O Real Digital é uma iniciativa que vai de encontro com a total digitalização prevista por Roberto Campos Neto, presidente do BC, e chega para modernizar o sistema financeiro e consolidar a digitalização da economia brasileira. Open Finance e PIX foram os precursores para a digitalização e abriram caminho para o Real Digital, que terá uma vertente diferente de tudo que existe no mercado atual.

O Real Digital será nada mais que uma versão virtual da moeda física, como conhecemos hoje, com a mesma conversão e valor. Ele poderá ser utilizado para realizar transações comerciais, pagamentos, transferências e remessas, entre outras operações financeiras. A moeda digital terá paridade e será linear com o Real – um para um; podendo seu usuário decidir por qual moeda ele deseja transacionar.

A ideia, assim, é criar uma forma de pagamento eletrônico, mais segura e eficiente, que possa ser utilizada por qualquer pessoa ou empresa que tenha acesso à internet. A expectativa é que sua circulação seja garantida pela autoridade monetária brasileira, como acontece com a moeda física atualmente. Além disso, especula-se que o Real Digital possa ser integrado a uma plataforma de blockchain, o que permitiria maior rastreabilidade e segurança nas transações realizadas utilizando a moeda digital.

Diferentemente do Bitcoin, que são moedas digitais descentralizadas e funcionam em uma rede blockchain pública, o Real Digital deverá ter o controle e regulamentação de uma rede comandada pelo próprio Banco Central.

Qual será o impacto do Real Digital na sociedade brasileira? – Tradicionalmente, a sociedade brasileira esteve muito conectada com “pagamentos físicos”. Dinheiro em espécie, cartões de crédito e de débito sempre fizeram parte das compras e do dia a dia do cidadão no país, mas o movimento de digitalização que atingiu o mundo como um todo tem mudado não somente o modo como o brasileiro consome, mas também como paga suas contas e realiza suas atividades financeiras.

De acordo com dados da Febraban, sete em cada 10 operações bancárias realizadas no país em 2021 foram feitas por meio do celular ou internet.
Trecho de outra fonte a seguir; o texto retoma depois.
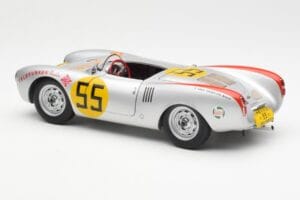 Porsche 550-1500 RS Spyder #55 H. Herrmann Carrera Panamericana 1954 AUTOart 1:18 85470 Μέταλλο - εικόνα 7 από 8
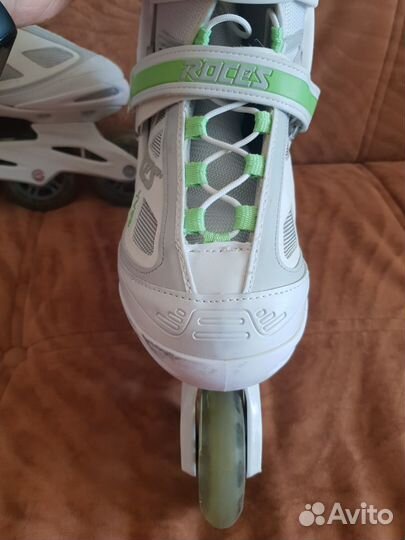Роликовые коньки женские 39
A digitalização do brasileiro pode ser um aliado para o Real Digital que, ainda em fase de testes, demonstra potencial para dar continuidade ao desenvolvimento do cidadão dentro de um ambiente que cada vez mais é parte essencial da sociedade.

A chegada do Real Digital pode trazer inúmeros benefícios para a sociedade brasileira, segundo o Banco Central, entre eles:

  • Redução do uso do dinheiro em papel: ainda de acordo com o Banco Central, o dinheiro em papel representa 3% do montante disponível para operações no Brasil. A chegada do Real Digital poderia concentrar as operações no mesmo, diminuindo a necessidade da emissão de cédulas e moedas;
  • Inibição de crimes: crimes conhecidos no país, como lavagem de dinheiro podem ser diminuídos com a presença do Real Digital, pois ele elimina a necessidade da conversão monetária, podendo ser utilizado em qualquer lugar do mundo;
  • Estímulo à concorrência no ambiente digital: de acordo com um levantamento do Banco de Compensações Internacionais (BIS), mais de 80% dos bancos centrais do mundo estão desenvolvendo moedas digitais. Além disso, potências estabelecidas no cenário mundial, como China, Estados Unidos e Japão já possuem moedas digitais.

Apenas o futuro irá validar as projeções do BC para o Real Digital e para o papel do cidadão brasileiro dentro deste sistema, mas as expectativas se tornam positivas ao observar o recente crescimento do uso de aplicativos bancários, a ascensão meteórica do Pix, e da própria conscientização do cidadão quanto à modernização dos processos.